THEME 1: There are cultural differences between evaluators and corporations that should be acknowledged and navigated.
- Corporate actors tend to come from business and economics backgrounds, whereas evaluators tend to come from social science backgrounds. This leads to different perspectives and even different languages that need to be learned and bridged, as well as different values and expectations.
- Corporations are used to working with professional services firms like McKinsey and Deloitte who often deliver exactly what clients ask, without much questioning or pushback. Evaluators, on the other hand, are more used to applying evaluative thinking, asking evaluative questions, and clarifying purpose/use before diving into deliverables.
- Corporations have a historic audit culture. Corporate evaluation participants may not understand the difference between audits (often used as “sticks” and for negative decision-making) and evaluations (intended for learning and improvement), making it difficult to get good engagement and quality data.
- Corporations operate in a different context than traditional evaluation spaces (e.g., government or non-profit) are used to operating. Corporations are more sensitive to financial incentives and the general economic climate. Recessions hit differently and, as a result, evaluations can be deprioritized more easily.
THEME 2: For evaluative work to be fruitful, capacity building is needed on both sides.
- Evaluators need to have empathy for the corporate context and seek to understand corporate pain points and limitations in order to work as effective partners.
- Evaluators need to take the time to understand the ecological context of the companies they work with, including their supply chains. They are all different!
- Evaluators should build the capacity of their corporate partners as well, to educate them on what evaluation is, what it takes to do good evaluation work (especially culturally responsive evaluation in a gender equity context), and how evaluation results can and should be used differently than other types of data. For example, the Program Evaluation Standards are a useful tool to advocate for evaluation integrity.
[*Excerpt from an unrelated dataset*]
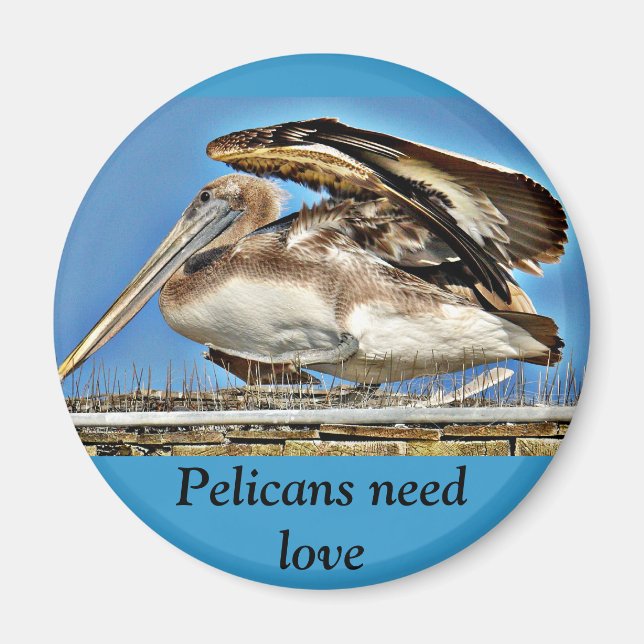 Pelican_ Magnet (Framsidan)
THEME 3: Evaluators need to be creative and flexible when working with corporations, while ultimately maintaining evaluative integrity.
- Evaluators may need to play the long game – starting with a version of an evaluation that isn’t perfect and using the results and experience of the first version to move toward something more robust, participatory, and culturally responsive.
More and more, evaluators are being invited to the corporate table. Let’s use this opportunity to learn, educate, and collaborate to help corporate partners achieve tangible, meaningful, relevant impact on their supply chains and beyond.